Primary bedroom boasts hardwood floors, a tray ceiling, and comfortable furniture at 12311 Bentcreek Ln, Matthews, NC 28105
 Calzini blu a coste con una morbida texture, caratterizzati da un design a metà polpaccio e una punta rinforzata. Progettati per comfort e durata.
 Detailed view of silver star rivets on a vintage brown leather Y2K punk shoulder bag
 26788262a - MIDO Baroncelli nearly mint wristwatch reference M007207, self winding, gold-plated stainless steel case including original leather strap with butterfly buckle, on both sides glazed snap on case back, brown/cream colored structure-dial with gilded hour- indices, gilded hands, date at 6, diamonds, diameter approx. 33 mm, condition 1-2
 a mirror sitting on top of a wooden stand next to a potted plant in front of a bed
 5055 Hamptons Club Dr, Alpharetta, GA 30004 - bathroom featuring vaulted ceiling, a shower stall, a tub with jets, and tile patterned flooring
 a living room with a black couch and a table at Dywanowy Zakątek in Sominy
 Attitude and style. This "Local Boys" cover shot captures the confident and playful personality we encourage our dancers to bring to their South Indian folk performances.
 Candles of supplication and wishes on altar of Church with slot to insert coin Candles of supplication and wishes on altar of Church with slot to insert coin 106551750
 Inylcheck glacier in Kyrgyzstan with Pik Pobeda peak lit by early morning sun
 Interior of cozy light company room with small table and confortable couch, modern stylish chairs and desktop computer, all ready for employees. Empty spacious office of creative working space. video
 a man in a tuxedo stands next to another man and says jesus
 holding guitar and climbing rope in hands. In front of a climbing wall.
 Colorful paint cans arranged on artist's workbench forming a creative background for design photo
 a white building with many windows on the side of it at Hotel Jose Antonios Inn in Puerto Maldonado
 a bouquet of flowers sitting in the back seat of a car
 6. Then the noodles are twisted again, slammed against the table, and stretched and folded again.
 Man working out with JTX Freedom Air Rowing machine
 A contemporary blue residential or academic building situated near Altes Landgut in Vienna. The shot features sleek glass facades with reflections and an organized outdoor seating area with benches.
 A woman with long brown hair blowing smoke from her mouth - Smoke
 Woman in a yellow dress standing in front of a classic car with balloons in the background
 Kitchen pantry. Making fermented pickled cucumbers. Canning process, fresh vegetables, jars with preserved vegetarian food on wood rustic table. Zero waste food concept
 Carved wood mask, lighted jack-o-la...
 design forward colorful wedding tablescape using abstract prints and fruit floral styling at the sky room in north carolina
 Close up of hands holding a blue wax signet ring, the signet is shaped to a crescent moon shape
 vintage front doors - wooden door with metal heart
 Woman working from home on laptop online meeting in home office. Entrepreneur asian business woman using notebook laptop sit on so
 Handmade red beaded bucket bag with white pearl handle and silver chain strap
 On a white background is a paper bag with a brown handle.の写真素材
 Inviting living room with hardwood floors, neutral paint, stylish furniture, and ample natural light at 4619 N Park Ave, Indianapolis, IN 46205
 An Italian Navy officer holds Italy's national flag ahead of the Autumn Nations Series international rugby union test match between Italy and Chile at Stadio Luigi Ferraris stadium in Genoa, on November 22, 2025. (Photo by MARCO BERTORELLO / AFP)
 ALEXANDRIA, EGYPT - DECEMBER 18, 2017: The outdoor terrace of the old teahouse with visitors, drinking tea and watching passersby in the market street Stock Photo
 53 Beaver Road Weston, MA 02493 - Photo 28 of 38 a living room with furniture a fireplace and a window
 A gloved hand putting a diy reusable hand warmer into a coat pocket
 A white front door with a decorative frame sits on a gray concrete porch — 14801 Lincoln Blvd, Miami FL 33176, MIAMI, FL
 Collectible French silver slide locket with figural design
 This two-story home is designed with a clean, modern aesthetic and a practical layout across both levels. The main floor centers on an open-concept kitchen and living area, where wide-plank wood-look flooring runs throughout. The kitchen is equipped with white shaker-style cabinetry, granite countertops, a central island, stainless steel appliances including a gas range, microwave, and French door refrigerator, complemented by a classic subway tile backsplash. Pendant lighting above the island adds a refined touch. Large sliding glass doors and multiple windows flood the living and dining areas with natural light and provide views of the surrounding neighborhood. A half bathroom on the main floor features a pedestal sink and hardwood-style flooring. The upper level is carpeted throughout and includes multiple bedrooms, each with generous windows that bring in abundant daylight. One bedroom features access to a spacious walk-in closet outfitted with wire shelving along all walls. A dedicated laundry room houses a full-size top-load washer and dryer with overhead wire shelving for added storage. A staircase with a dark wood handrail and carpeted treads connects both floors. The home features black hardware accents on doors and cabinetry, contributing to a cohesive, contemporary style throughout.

WHAT THE TASK ASKS » Report each line of the listing above that uses the word "brown".

RESPONSE »
 Detailed view of silver star rivets on a vintage brown leather Y2K punk shoulder bag
 26788262a - MIDO Baroncelli nearly mint wristwatch reference M007207, self winding, gold-plated stainless steel case including original leather strap with butterfly buckle, on both sides glazed snap on case back, brown/cream colored structure-dial with gilded hour- indices, gilded hands, date at 6, diamonds, diameter approx. 33 mm, condition 1-2
 A woman with long brown hair blowing smoke from her mouth - Smoke
 On a white background is a paper bag with a brown handle.の写真素材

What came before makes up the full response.